Researchers in the 1940s and 1950s, including Carl-Gustav Rossby and Edward Lorenz, focused attention on the west-to-east flow that girdles the middle and high latitudes. This provided a new way to think of the NAO: a variation in the strength of the westerlies across the Atlantic. Their work also paved the way for the current AO/NAO concepts, whose leading proponents include David Thompson (Colorado State University) and Michael Wallace (University of Washington).
Interest in the AO and NAO exploded in the late 1990s with the arrival of improved ocean-atmosphere models and more sophisticated statistical analyses. According to the Institute for Scientific Information, the number of papers that mention the NAO in either title or abstract leapt from 11 in 1996 to 179 in 2001.
What drives the cycles?
Scientists haven’t yet agreed on how the AO and NAO do or don’t differ. “In my view, the AO and NAO are different interpretations of the same phenomenon,” says Thompson. “I think the debate over this pattern attests to the absence of a unique theory for its existence in the first place.” In spite of the uncertainty, some potential forecast tools are starting to surface.

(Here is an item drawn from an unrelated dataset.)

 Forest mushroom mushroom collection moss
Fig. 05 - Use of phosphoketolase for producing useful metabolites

• Weather from the stratosphere. In 1999, Mark Baldwin and Tim Dunkerton (Northwest Research Associates) discovered that large changes in the stratosphere often precede similar changes in the Arctic Oscillation at the surface. Thompson and colleagues have since found that these stratospheric anomalies tend to precede extended cold snaps at ground level throughout much of the Northern Hemisphere. In related research, Thompson and Susan Solomon (NOAA) noted that similar downward-propagating stratospheric events are observed in the Southern Hemisphere, possibly initiated by the ozone depletion observed there since the 1980s.

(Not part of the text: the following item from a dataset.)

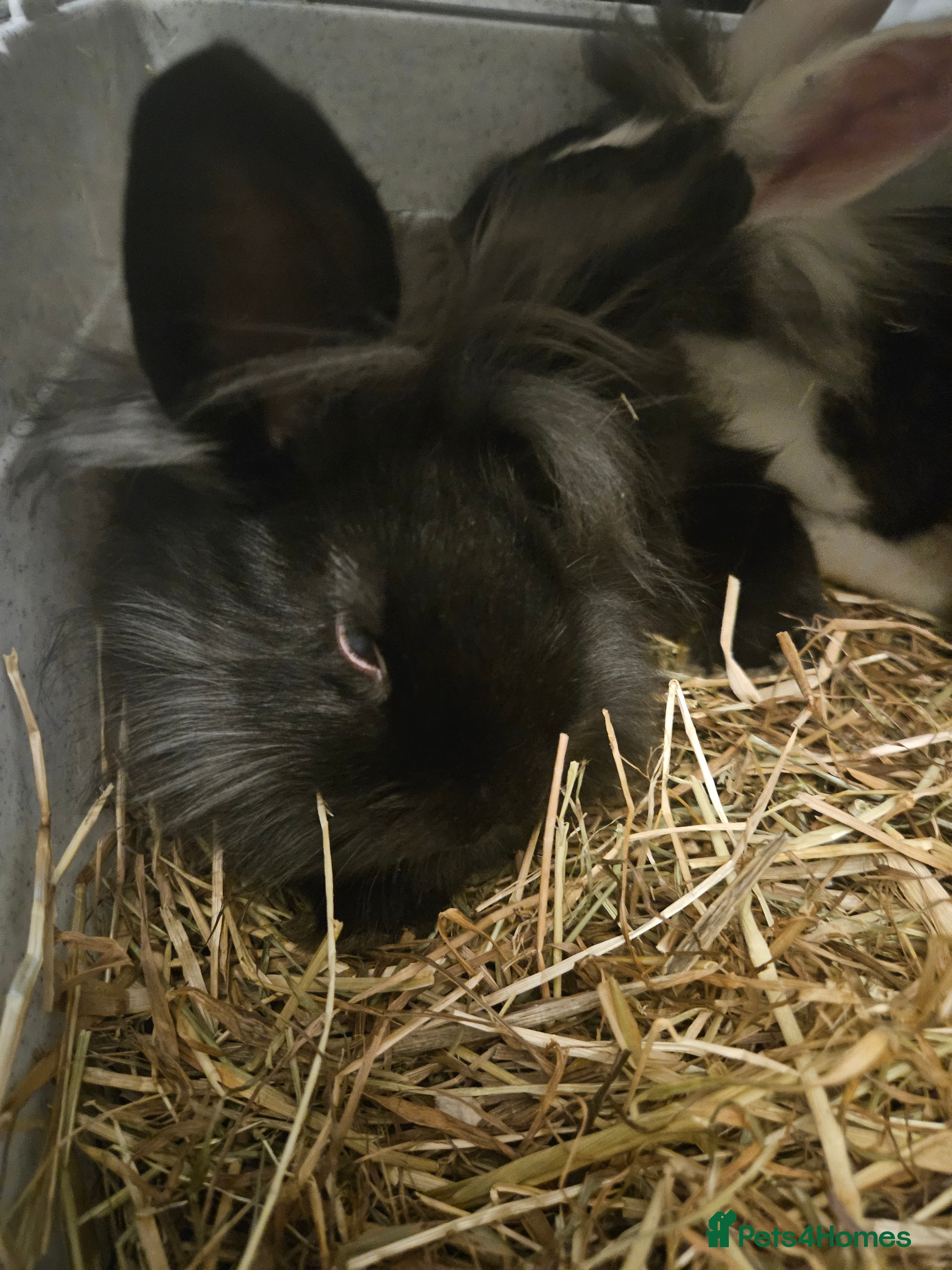 Lionhead rabbits Lion head last 3 left - Advert 1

Once a stratospheric climate signal hits the lower atmosphere—which can take a few days to several weeks—the effects may persist for a month or more. Even so, it’s not clear whether the stratosphere was responsible for this winter’s cold blasts, says Thompson. “This last winter there was some variability in the stratosphere, but nothing quite as dramatic as we’ve seen in other years,” he says.
Although many other factors influence our winter weather, Thompson is optimistic about using stratospheric data as a sign of weather changes to come in the 30- to 60-day time frame. “The evidence suggests that the usefulness of such forecasts may prove to be roughly comparable to the usefulness of forecasts based on ENSO,” he says.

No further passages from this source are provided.